Sorry, I should have included it here. The warning is:
[ +0.000016] WARNING: CPU: 1 PID: 20255 at mm/page_alloc.c:3446
get_page_from_freelist+0x100b/0x1690
and if we look at that line number we have this snippet:
/*
* We most definitely don't want callers attempting to
* allocate greater than order-1 page units with __GFP_NOFAIL.
*/
WARN_ON_ONCE((gfp_flags & __GFP_NOFAIL) && (order > 1));
Signed-off-by: Allison Henderson <allison.henderson@xxxxxxxxxx>
---
fs/xfs/xfs_log_recover.c | 5 ++++-
1 file changed, 4 insertions(+), 1 deletion(-)

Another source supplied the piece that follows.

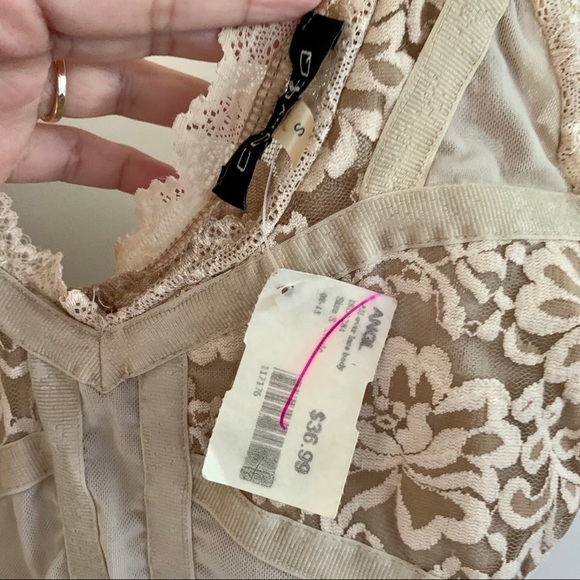 Lace bodysuit SOLD - Picture 3 of 5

diff --git a/fs/xfs/xfs_log_recover.c b/fs/xfs/xfs_log_recover.c
index 97f3130..295a5c6 100644
--- a/fs/xfs/xfs_log_recover.c
+++ b/fs/xfs/xfs_log_recover.c
@@ -2061,7 +2061,10 @@ xlog_recover_add_to_cont_trans(
old_ptr = item->ri_buf[item->ri_cnt-1].i_addr;
old_len = item->ri_buf[item->ri_cnt-1].i_len;
- ptr = krealloc(old_ptr, len + old_len, GFP_KERNEL | __GFP_NOFAIL);
+ ptr = krealloc(old_ptr, len + old_len, GFP_KERNEL);
Does the removal of NOFAIL increase the likelihood that log recovery
will fail instead of looping around looking for more memory?
I suppose it would? But better to return the error code than proceed
with a NULL pointer. I would think it would be quickly proceeded with
questions of what else is causing memory pressure to build though.
Hm, what /are/ we doing here, anyway? I guess someone logged a gigantic
xattri item, which gets split across multiple log records, and now we're
trying to staple all that back together? And perhaps the xattri item is
larger than a ... page(?) which causes dmesg warnings when combined with
NOFAIL?
Effectively yes, this is coming from one of the new test cases I came up
with to test the replay. It progressively sets larger and larger attrs
and pulls the error tag to see that it replays correctly. Up to 64k
which I think is where ATTR_MAX_VALUELEN is. I figured since we are
opening up a means of logging as much, its something that we should be
testing. :-)
Allison
--D
+ if (ptr == NULL)
+ return -ENOMEM;
+
memcpy(&ptr[old_len], dp, len);
item->ri_buf[item->ri_cnt-1].i_len += len;
item->ri_buf[item->ri_cnt-1].i_addr = ptr;
--
2.7.4